**ABOUT THIS EXERCISE**
Write out, from the entries below, exactly the lines that run between the lines holding "Texas USA Slang" and "Aluminum alloy 24", inclusive, and stop there.

**SOURCE DATA**

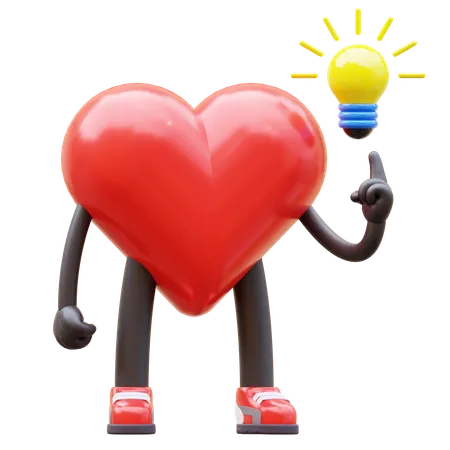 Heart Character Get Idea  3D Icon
...
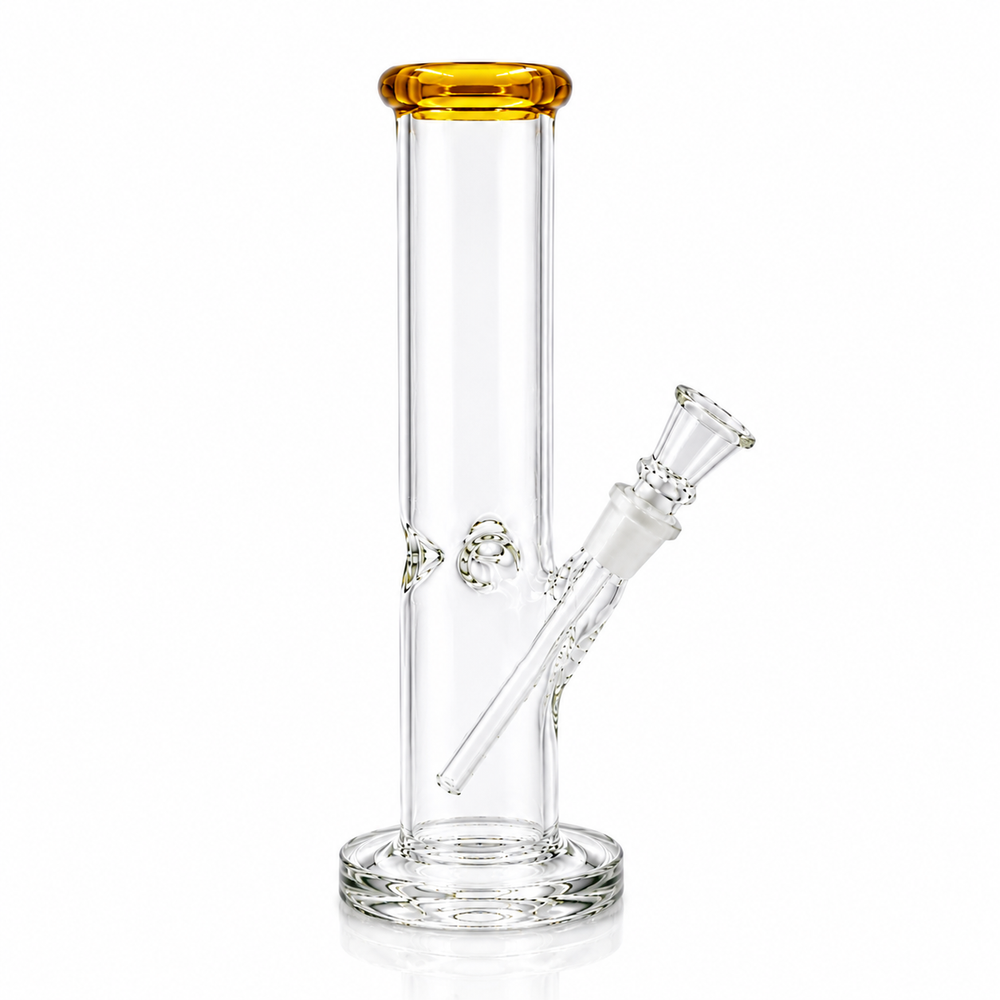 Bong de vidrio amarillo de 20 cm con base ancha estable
...
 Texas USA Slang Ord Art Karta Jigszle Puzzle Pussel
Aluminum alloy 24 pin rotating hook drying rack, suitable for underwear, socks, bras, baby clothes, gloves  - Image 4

**RESULT OF THIS TASK**
 Texas USA Slang Ord Art Karta Jigszle Puzzle Pussel
Aluminum alloy 24 pin rotating hook drying rack, suitable for underwear, socks, bras, baby clothes, gloves  - Image 4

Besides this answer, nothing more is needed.